Per chi critica queste aggiunte alla stregua di bloat che non fanno altro che aggiungere codice senza aggiungere motivazioni, vorrei ricordare che la prima caratteristica degli unices è la modularità: è possibile creare un sistema disabilitando tutte queste funzionalità aggiuntive, in modo che resti funzionante su sistemi ormai vecchi ed obsoleti. In relazione a questo, anche moltissime funzionalità eye-candy, ovvero relative specificatamente alla «bellezza grafica» degli ambienti, possono essere tranquillamente rimosse, disabilitate o trascurate.

Postfazione

Questo articolo è sicuramente meno tecnico di tutti gli altri che ho scritto fin ora, e anche molto più «stringato», ma, come dicevo, voleva essere un testo semiserio. In verità penso che ognuno sia libero di decidere come vuole lavorare, questo testo vuole solo far notare come certe pratiche non siano da considerarsi da «veri h4x0r» e altre da «niubbi» ma semplicemente come diversi stili d’uso che hanno ognuno i suoi pro e i suoi contro.

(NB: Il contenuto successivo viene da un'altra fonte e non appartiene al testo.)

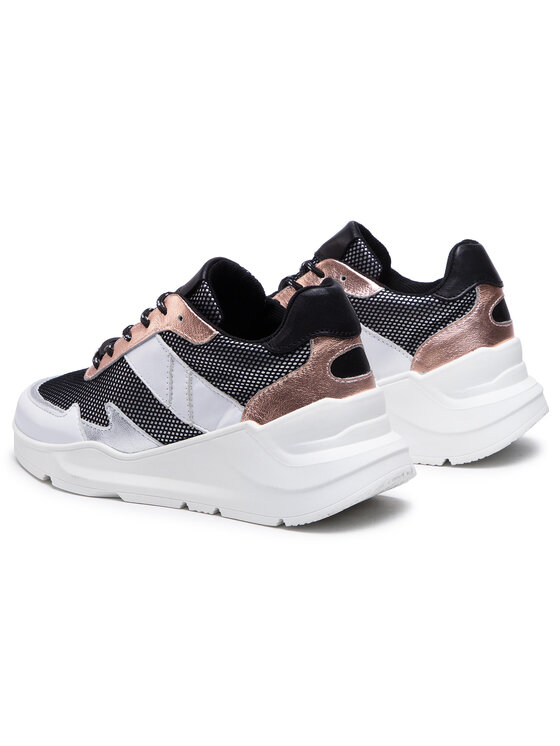 Sneakers TG-30-06-000338 Multicolore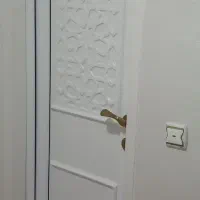 تولید کننده انواع درب و پنجره دوجداره upvc|خدمات پیشه و مهارت|اندیشه, شهرک صدف|دیوار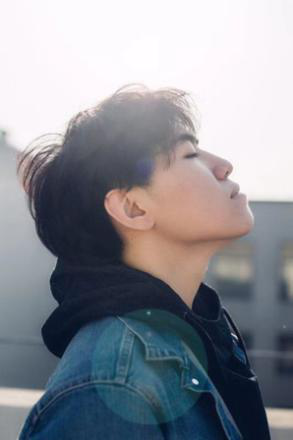 2021音乐剧之声——英国伦敦西区经典集锦演唱会--郑州站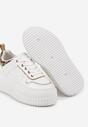 Sneakers Maro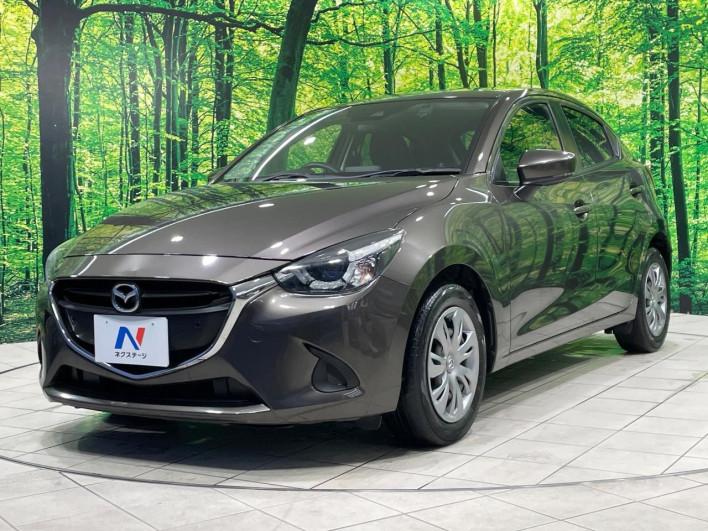 2018 Mazda Demio DBA-DJ3FS (UW-6a2783e8d76bb)[7]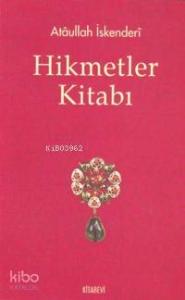 Hikmetler Kitabı
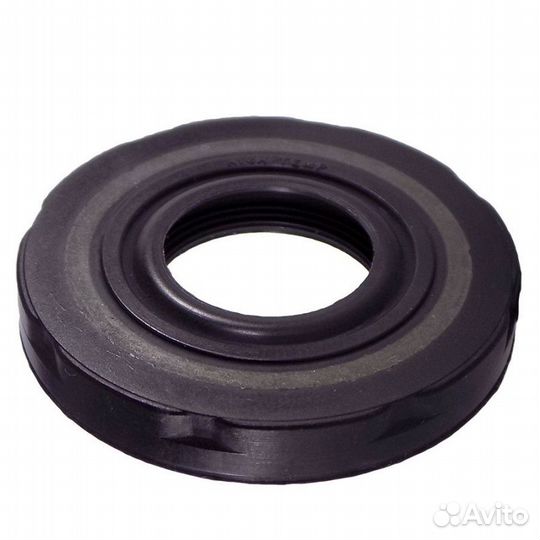 Сальник рулевой рейки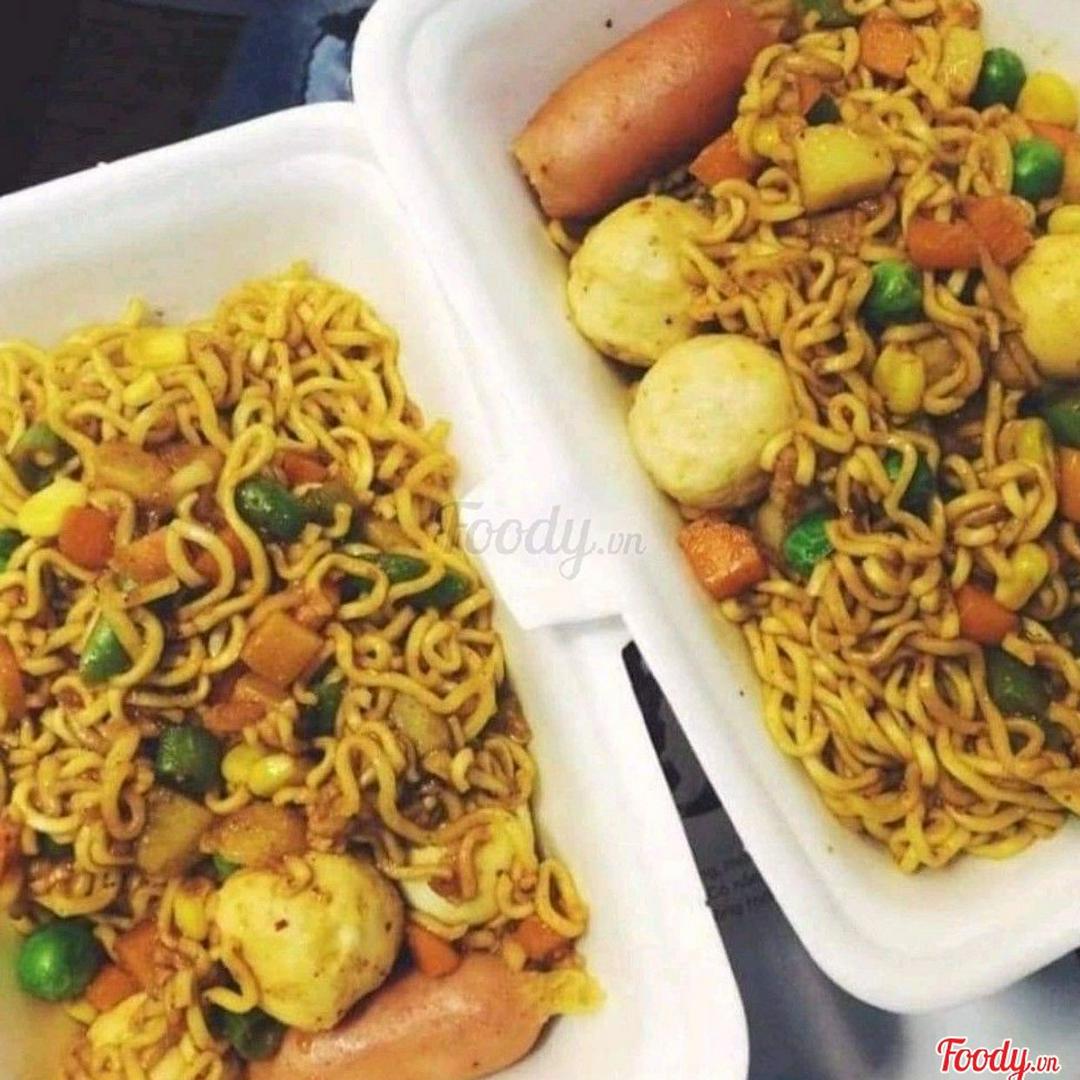 mi-indomie-rau-cu-ho-lo
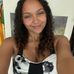 Katie Spears - Facebook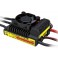 ROXXY BL Control 9120-12 Opto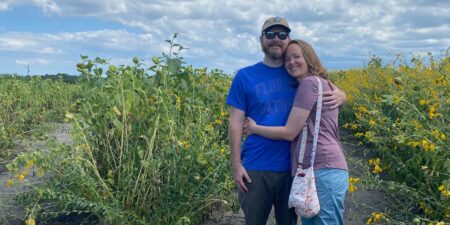 Best Parts of Living in Small Coastal Florida City That’s Affordable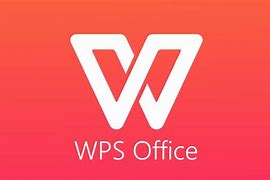 WPS Office mod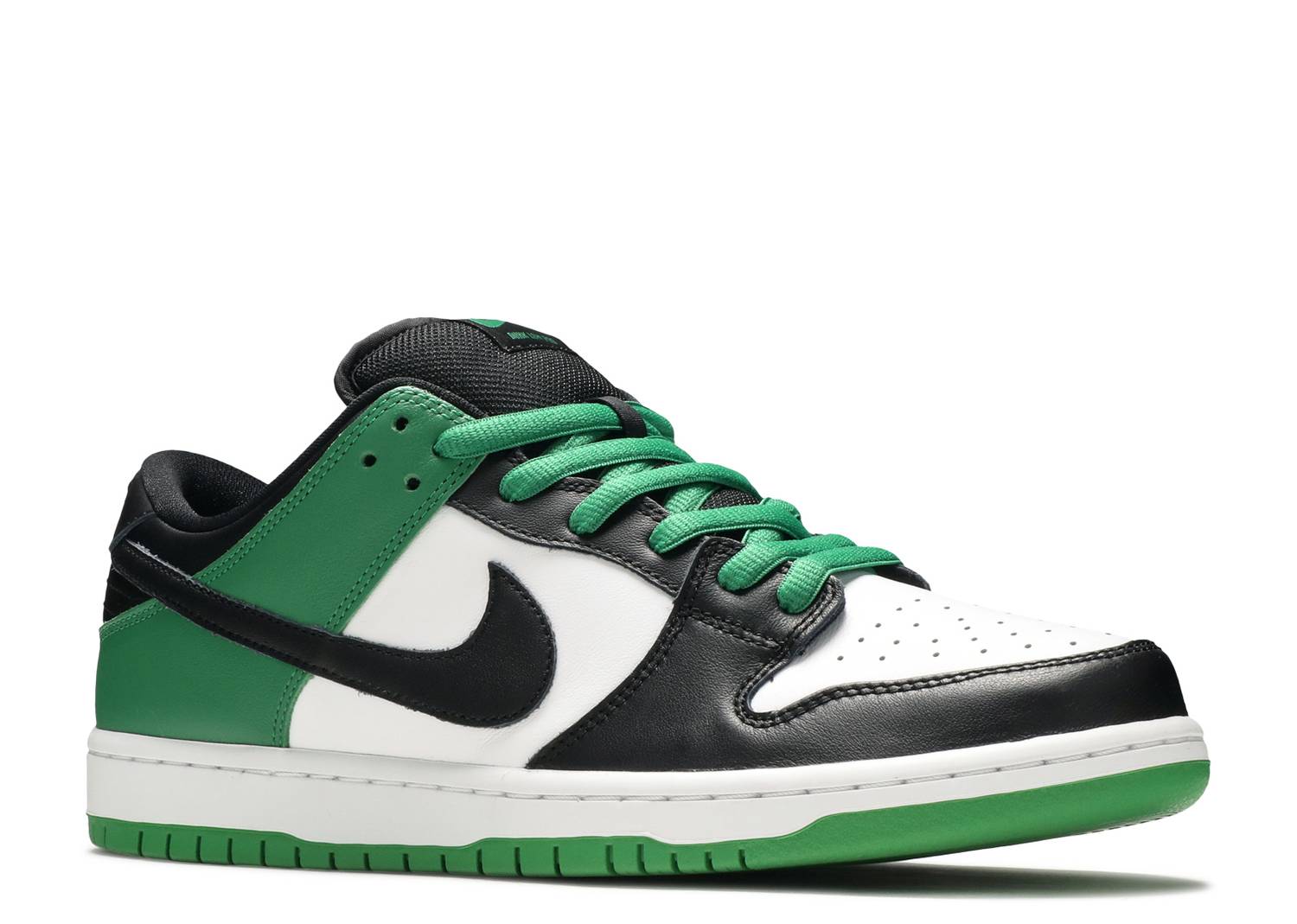 Nike air best sale classic sb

L’unico consiglio che mi sento di dare, è di considerare quello che si sta facendo, se si passa più tempo a risolvere problemi banali che a fare qualcosa di utile, e di considerare l’idea di smettere di far le cose in modo arcaico, avendo più tempo a disposizione per aiutare il software libero.

Un’altra nota a margine di tutto questo che vorrei lasciare è rivolta a tutti gli utenti di queste pratiche a mio avviso astruse: se vi sentite in grado di fare queste cose perché siete «veri h4x0r», forse vi conviene non chiedere ogni 20 minuti aiuto perché c’è una cosa che è banalissima da fare per un utente normale, ma voi non riuscite a farla nel vostro modo di lavorare. Se lo sapete fare bene, altrimenti considerate l’idea di cambiare linea di pensiero.